Population (2006 est.)
- • Total: 100,001
- • Ethnicities: Bamar Burmese Indians Kayin
- • Religions: Theravada Buddhism Islam
- Time zone: UTC+6.30 (MMT)

= Pyinmana =

Pyinmana (/my/; population: 100,000 (2006 estimate)) is a logging town and sugarcane refinery center in the Naypyidaw Union Territory of Myanmar.

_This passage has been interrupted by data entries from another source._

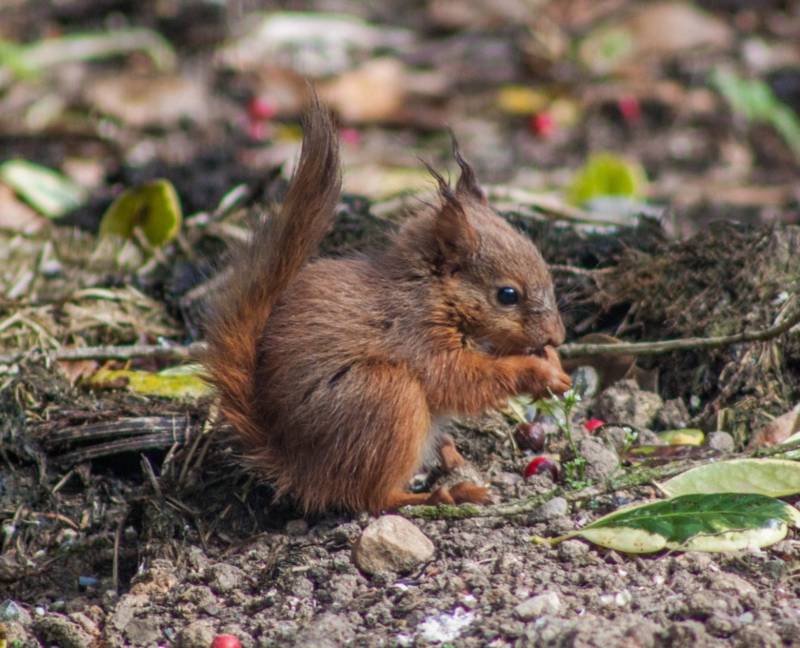 Обыкновенная белка - описание, характеристики, питание, виды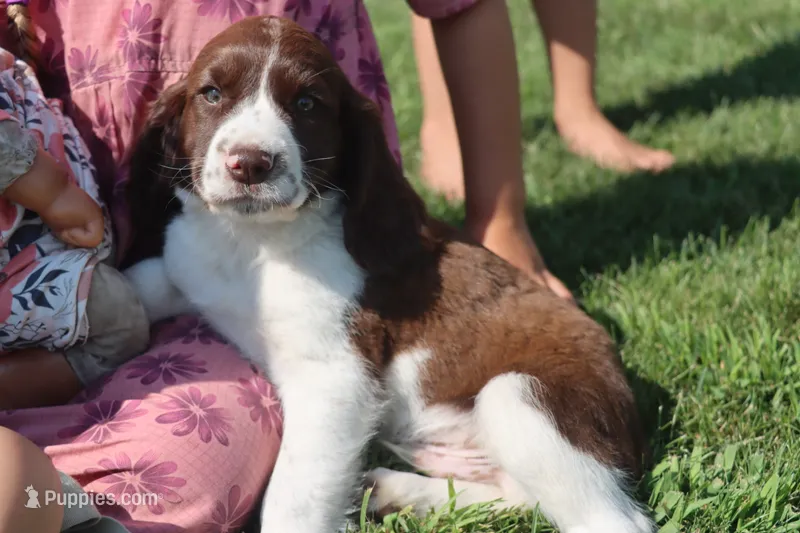 Stormy – English Springer Spaniel puppy for sale in Alta Vista, IA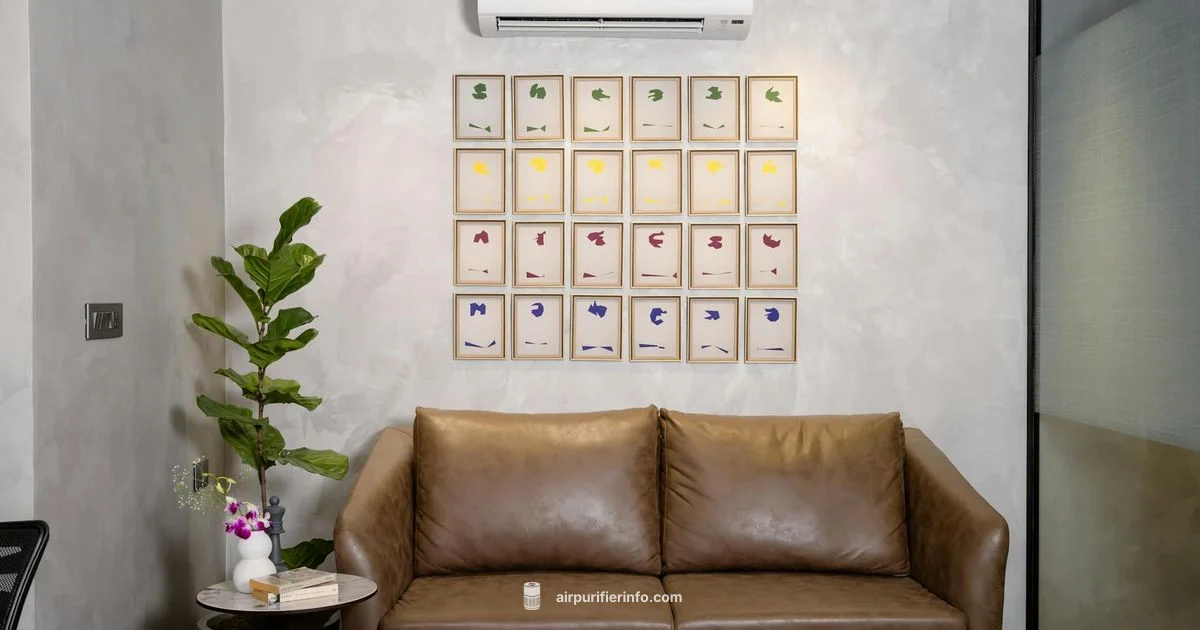 Ionizer Safety Guide Ionizer Safety Guide - Air Purifier Info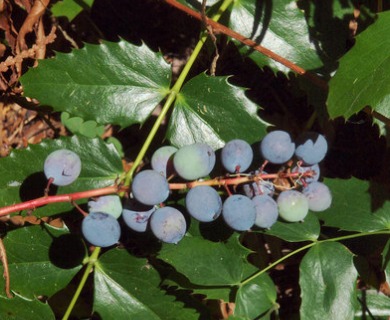 Berberis nervosa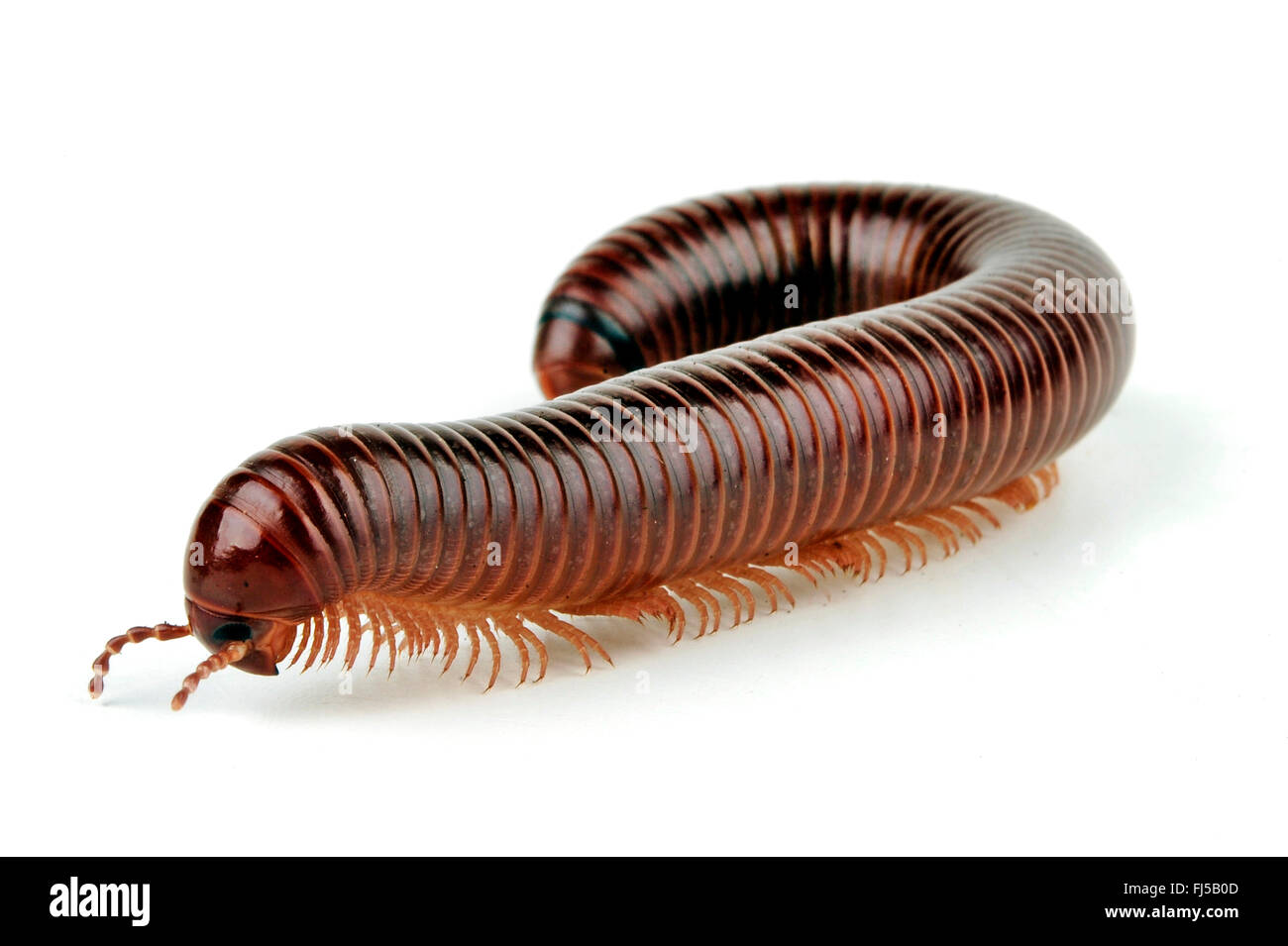 Giant chocolate, Chocolate millipede (Ophistreptus guineensis), cut-out Stock Photo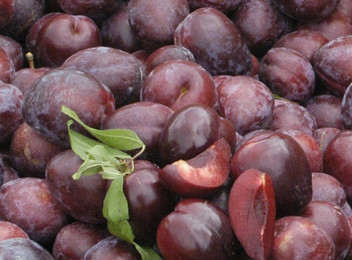 4kg Hawkes Bay Black Doris Plums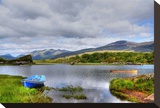 Solitude on Killarney Lakes Stretched Canvas Print by Jan Michael Ringlever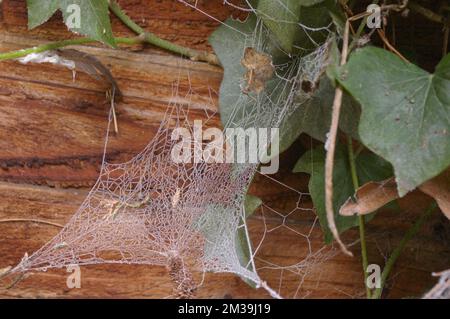 Gefrorenes Spinnennetz Stockfoto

The administrative capital of Myanmar was officially moved to a militarized greenfield site (which the leader, Than Shwe, dubbed Naypyidaw, or Royal City) two miles (3.2 km) west of Pyinmana on November 6, 2005. As of 2014, the city has an urban population of 72,010.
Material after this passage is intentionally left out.